The president of France offered this statement: “In a time of great suffering around the world, we realize that the word of God is needed now more than ever. We graced the good people of the United States with the Statue of Liberty many years ago, and now we give them this Christian symbol to uplift their spirits and remind them that Jesus loves them. What better way to atone for your sins than praying at the feet of a 300 foot tall representation of the Son of God! Talk about imposing! “

The statue appears to be powered by nuclear batteries with a half-life of 250 years. State officials have not, as of yet, found a way to power down the statue’s sound system. The reaction of the citizens of Manhattan has been relatively neutral, but that may be due to the fact that most of them stay indoors or run through the streets covering their ears. When questioned, one New Yorker’s response when interviewed on his feelings about the Jesus statue was “WHAT?!?!?”

In a somewhat unsettling turn of events, after sunset the statue’s eyes glow a bright red and the audio recording switches to a loop of the word “REPENT” in a thunderous rumbling tone that is causing some lower Manhattan buildings to vibrate throughout the night. A small crowd is already gathering at the feet of the statue to pray and offer thanks to the citizens of France for this gift.

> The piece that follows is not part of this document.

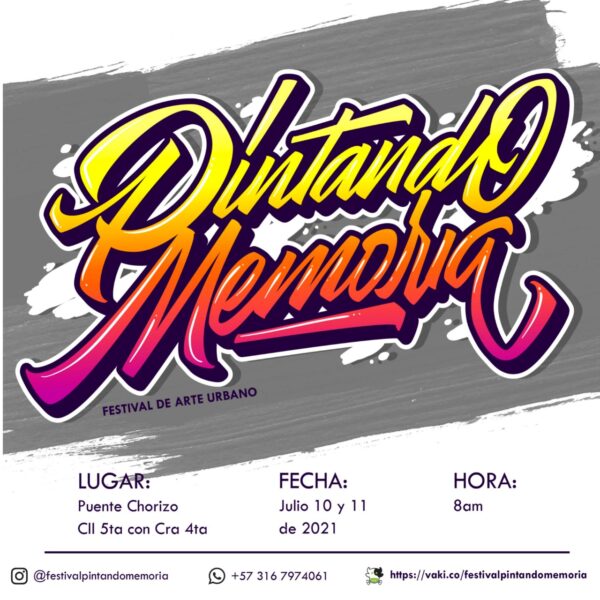  - Con festival artístico, Cali renovará los murales que dejó el Paro Nacional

In a sad note, there have been two “Jesus Statue”-related deaths since the delivery two days ago due to complete implosion from the sheer volume of the speakers. There have been ten cases of ruptured ear drums and one complete spontaneous combustion. France could not be reached for comment.

2 reaction(s)::

Dan said...

*Does slow handclap, Breakfast Club style*

Too funny man, too funny.

Caba said...

This could be my favorite one ever. Love it!